- [What is being asked] Leaving out the pictures, retype exactly the lines from the one holding "Certified 2023 Jeep" through the end of the material.

- [Exercise data]
----

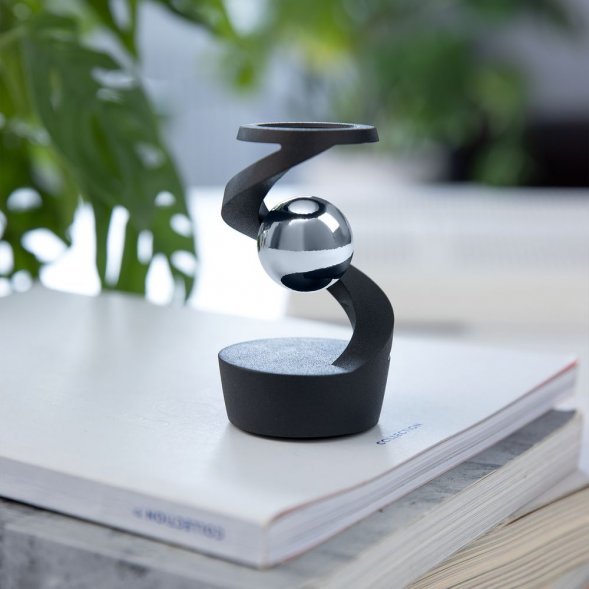 Настольный антистресс Mindflow, черный с серебристым 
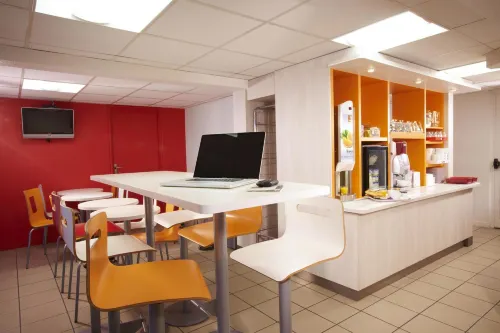 Premiere Classe Toulouse Nord-Sesquières Espaces publics Photos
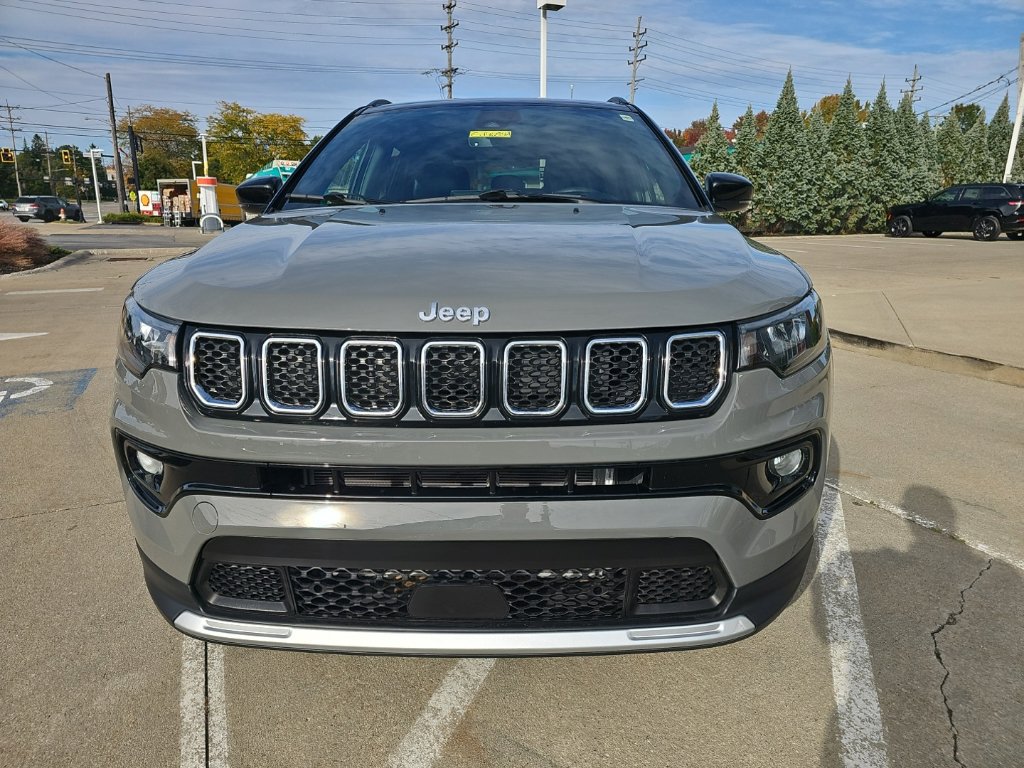 Certified 2023 Jeep Compass Limited AWD/4WD image 8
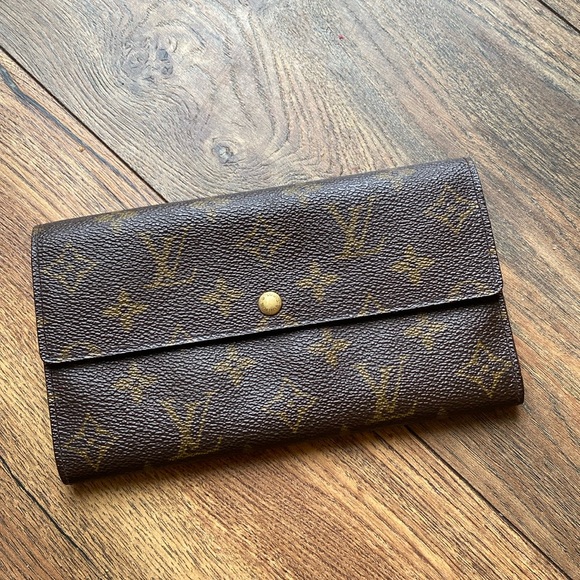 Louis Vuitton Handbags - Authentic LV wallet/ bag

----

- [Result]
 Certified 2023 Jeep Compass Limited AWD/4WD image 8
 Louis Vuitton Handbags - Authentic LV wallet/ bag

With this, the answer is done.